В первый вечер в Осере мы ужинали возле речной дамбы в скромной гостиничке, почти что на постоялом дворе. Был наш праздник, и мы позволили себе выпить хорошего вина. Я вспоминаю вид на церковь с того места, где мы сидели, и как вино струилось в мою глотку. Вспоминаю зеркальную гладь реки и высокие деревья, раскачивающиеся под ласковым французским небом. Вспоминаю, что на душе у меня был покой, такого покоя я никогда не знал в своей стране. Я взглянул на жену: она стала совсем другим человеком. Даже птицы выглядели по-другому. Хочется, чтобы такие мгновения навсегда остались с тобой. Но ведь часть той ^глубокой радости, которые они приносят, происходит именно от сознания, что все это ненадолго. Может быть, уже завтра вспыхнет одна из тех ссор, что заставят позабыть о всей красоте ландшафта и именно оттого, что ты в чужой стране, придавят тебя к земле сильнее, чем обычно.
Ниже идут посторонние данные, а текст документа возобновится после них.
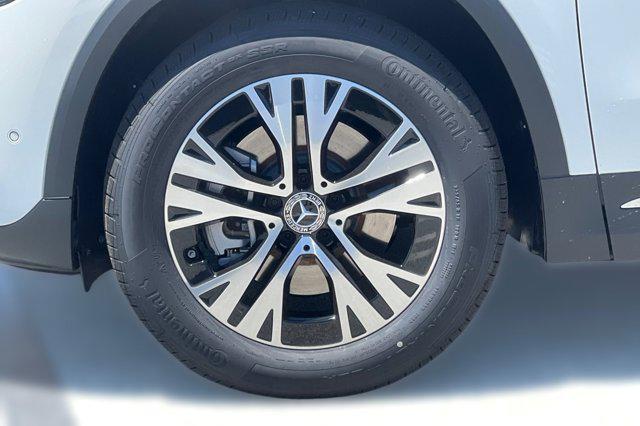 new 2025 Mercedes-Benz GLA 250 car, priced at $47,295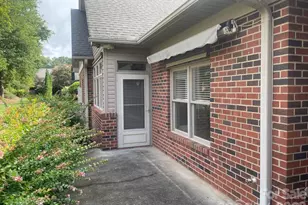 509 26th Ave NE, Hickory, NC 28601 - Photo 3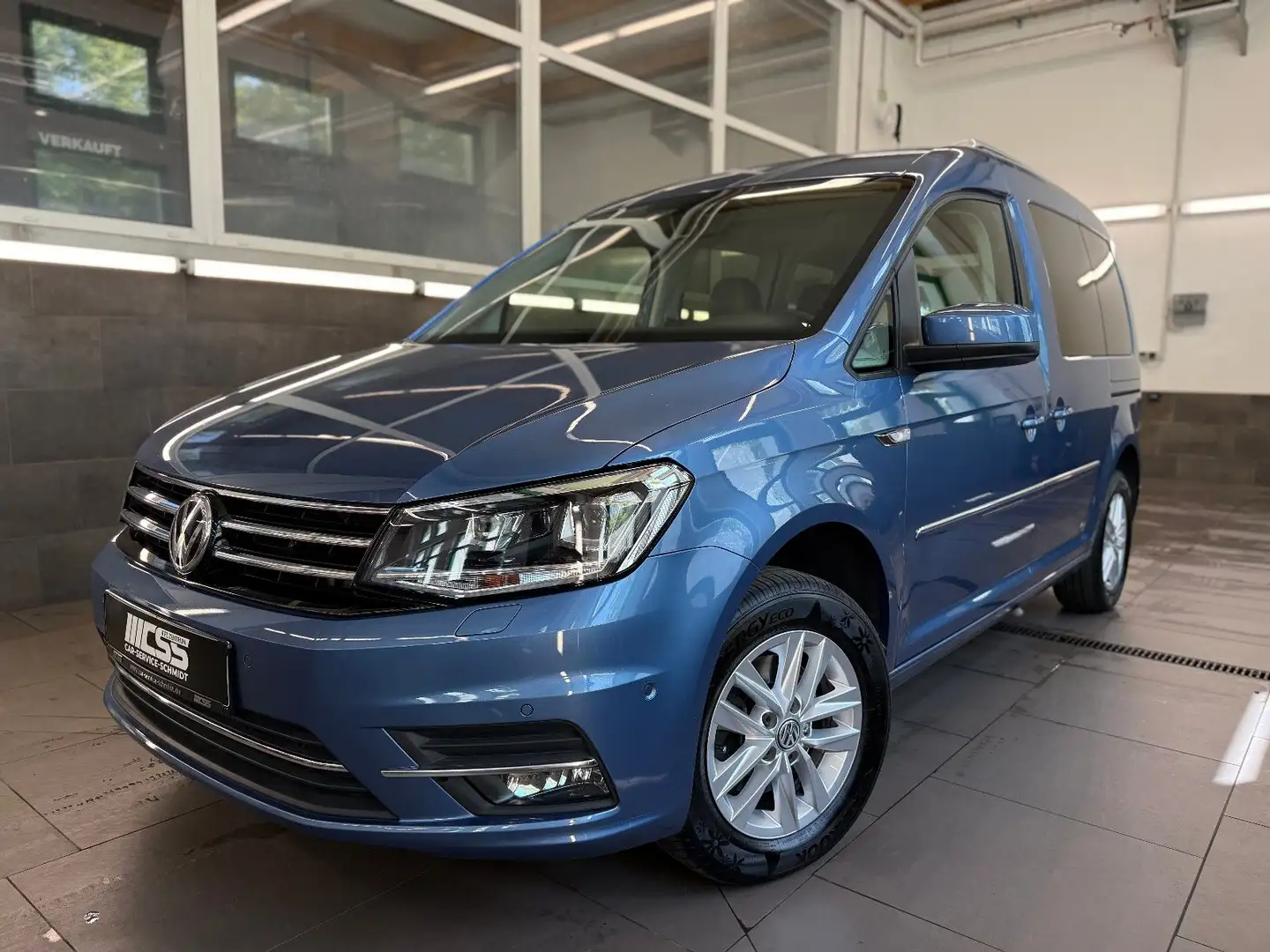 Volkswagen Caddy Highline BMT Rollstuhlrampe Rampe Blue - 1
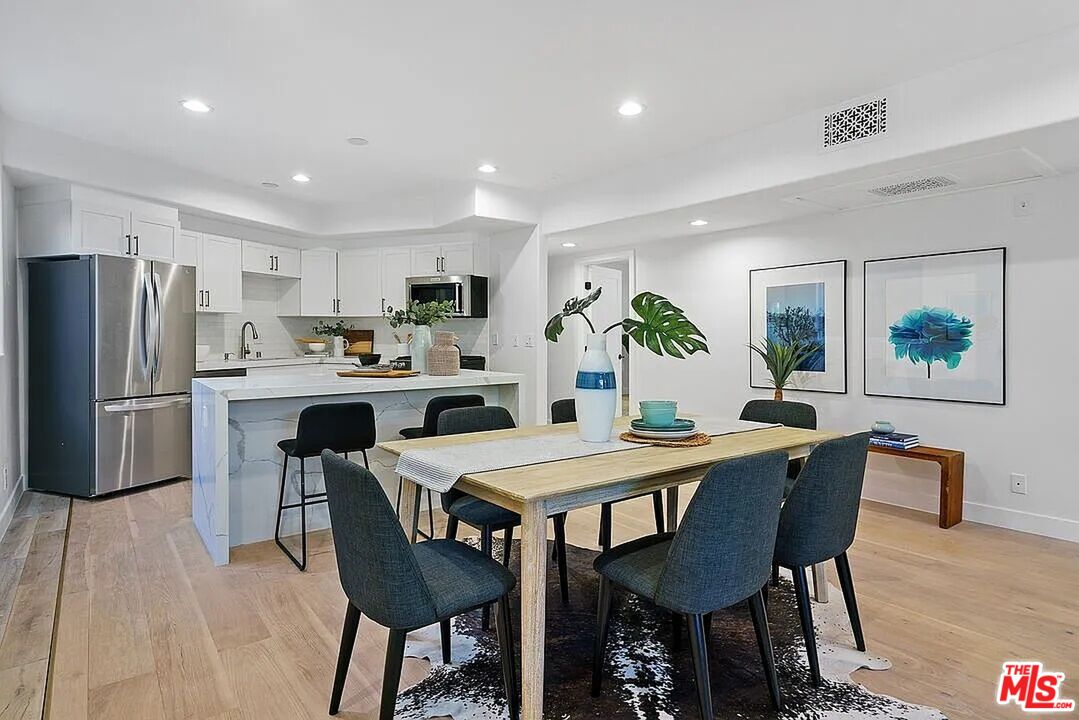 842 11th St Unit: 1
Хозяин ресторана на улице Шаплэ не ошибся — конечно, это был не Париж! Но в некотором смысле это было куда лучше Парижа. Здесь было больше Франции, больше подлинности. И это порождает особый вид ностальгии, ностальгии, открывавшейся мне и в книгах некоторых французских писателей, и в постельных беседах со шлюхами, когда отдыхаешь, безмятежно покуривая сигарету. Эта ностальгия — не оккупант, берущий тебя за горло. Она нечто неосязаемое, смутное, непостижимое, как то, что разлито в небе Франции. Это оккупант, который хочет быть побежденным.

В каком-то смысле мы были оккупантами. На свои грязные американские доллары мы покупали все, что нам приглянулось. Но с каждой покупкой мы получали что-то даровое, что-то, о чем мы не договаривались, и оно въедалось в нас и изменяло так, что в конце концов мы оказывались полностью покоренными.

Последнее, о чем я подумал, отправляясь в этот печальный вояж по Америке, что надо бы захватить план Парижа и карту Франции. Я знал, что в какой-нибудь Богом забытой дыре мне вдруг приспичит поискать глазами названия улиц, городов, рек, начавших уже тускнеть в моей памяти. Я ехал поездом из Канзас-Сити в Сент-Луис, когда пейзаж за окном стал принимать знакомый облик департамента Дордонь. Если быть точным, это началось примерно за час до Сент-Луиса. Думаю, поезд шел вдоль Миссури. Мы проезжали мимо мирных холмистых равнин с разбросанными на них усадьбами фермеров. Была ранняя весна, и земля меняла свои цвета с соломенно-желтого на светло-зеленый. Вдали торчали крутые, с причудливыми выступами скалы и утесы все больше пепельно-серого цвета, и вид этот вызывал в памяти замки и шато Дордони.